March legislative elections demonstrated Kuchma's weakening popular and political support. Despite intensive campaigning, his For a United Ukraine faction garnered less than a fifth of the vote in the poll. In recent months, Kuchma has faced, and so far successfully dodged, a slew of accusations from lawmakers: from charges that he profited from illegal arms sales to allegations that he was involved in plans to murder political opponents.
Given the circumstances, Strikha said noble words about reform and European integration are calculated to make Kuchma appear as if he is turning over a new leaf while winning him continuing support in the West. But so far, he said, there is little evidence that words will translate into action. "Democracy and civil society and the manner in which the last elections were conducted, these are things that are polar opposites, not to mention the fact that a European orientation and statements about Ukraine's simultaneous integration into the Eurasian Economic Community are also concepts you cannot combine. Therefore, I'd say that the president's speechwriters did a nice job in using phrases often employed in civilized society, but unfortunately, this is not enough to lead us to conclude that concrete steps in this direction are going to ensue," Strikha said.
Strikha said a further indication that Kuchma's address has almost no grounding in reality was the Ukrainian president's analysis of the country's current economic situation. "The whole speech was given in a post-crisis tone: 'We've overcome the crisis, there are still some difficulties, but well-being is growing.' Look, what kind of well-being are we talking about when the average salary of 355 hryvna -- just over $60 [per month] -- barely surpasses the monthly minimum necessary for survival, which itself is quite low at 342 hryvna? The majority of social payments such as pensions and student stipends doesn't even reach this minimum level," Strikha said.
Some observers have expressed surprise at Kuchma's recent westward turn, once more reflected in today's speech. Until very recently, Ukraine had not sought to join NATO and the Ukrainian leadership had never identified full EU membership as a clear goal. Strikha said this policy shift reflects a growing realization in the Kuchma administration that Kyiv risks being left behind by the rapprochement taking place between Russia and the West. "Recently, Ukraine has catastrophically lost the initiative on the Western front. You could say that Kuchma's weak Ukraine is losing out to Putin's strong Russia in every aspect. Russia has been demonstrating its active policy toward the West and Ukraine can't stay completely inactive. On the level of words, at least, we are not Belarus, and that is probably thing we can be proud of," Strikha said.
To sum up, independent analysts tend not to put much stock in Kuchma's words, seeing them as an attempt to shore up his political support rather than a demonstration of political will.
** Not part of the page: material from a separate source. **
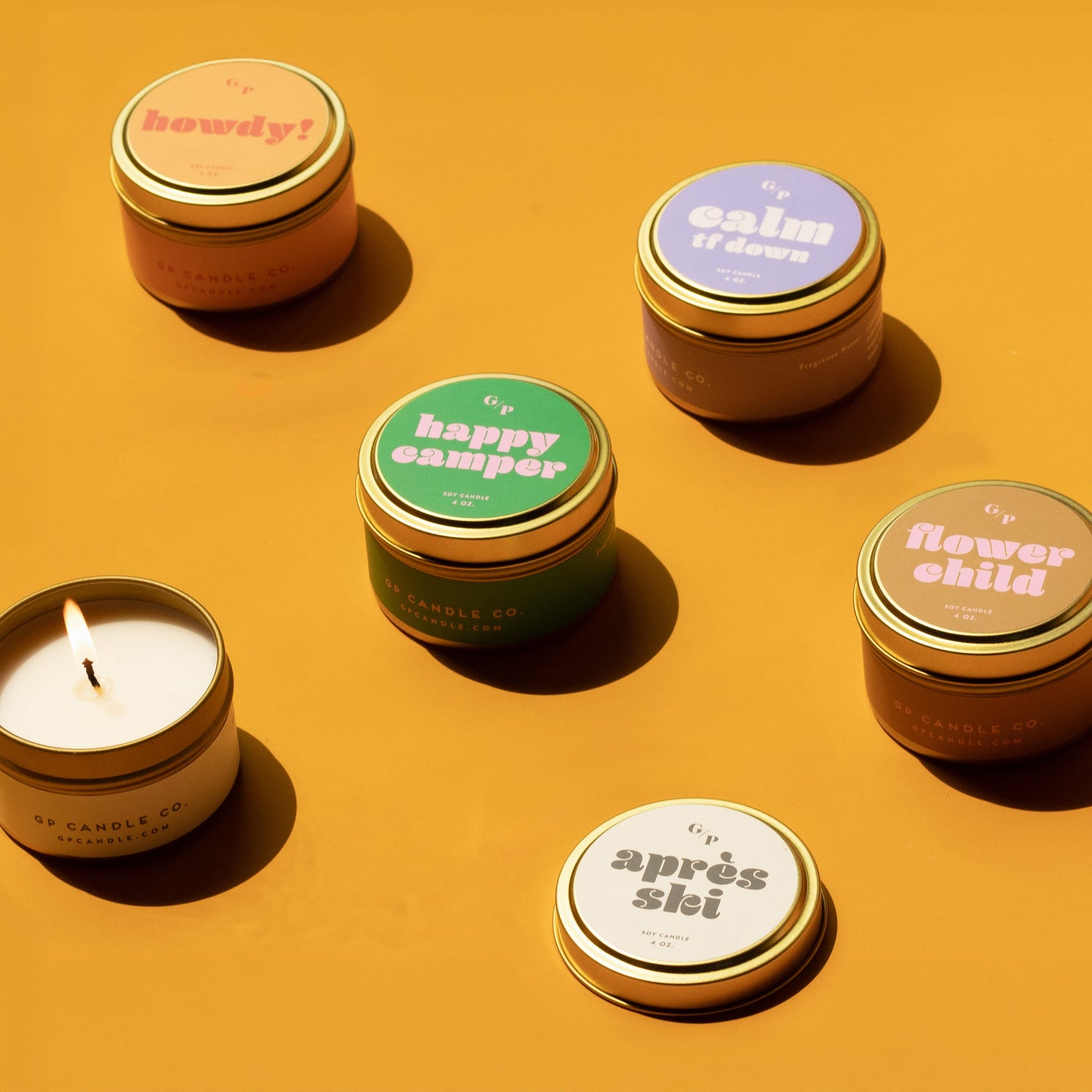 Howdy! 4 oz. Just Because Candle Tin
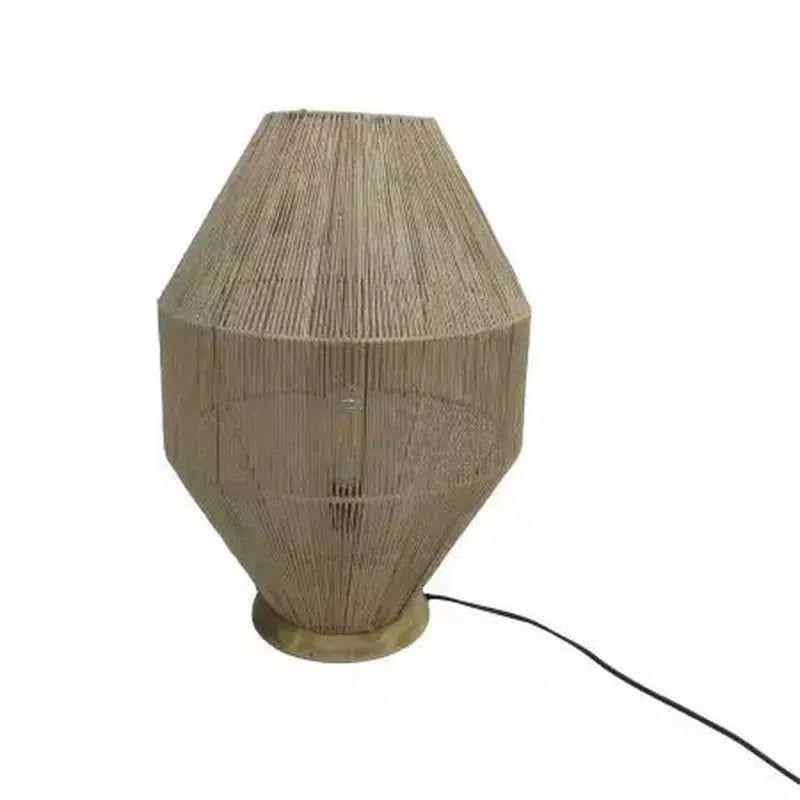 Vloerlamp jute Syros Earthware Jute Vloerlamp Syros met bohemian uitstraling. Je zult direct dat gevoel krijgen van lange zomeravonden aan het strand van Bali of Ibiza.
The derisive reaction in the independent press to Kuchma's directive last week that all schoolchildren and students must study a 72-page parliamentary address he recently gave urging the country to embrace the West is evidence of this. "On 12 June, the president issued a directive that, in its tone, would be more suited as an order from the Communist Party's Central Committee on propaganda measures aimed at popularizing his speech. They are above all trying to make a big ideological campaign out of this," Strikha said.
The months ahead will give Kuchma an opportunity to prove his critics wrong. But having been let down so many times before, few in Ukraine are willing to take him at his word.
(Marianna Dratch and Irena Chalupa of RFE/RL's Ukrainian Service contributed to this report.)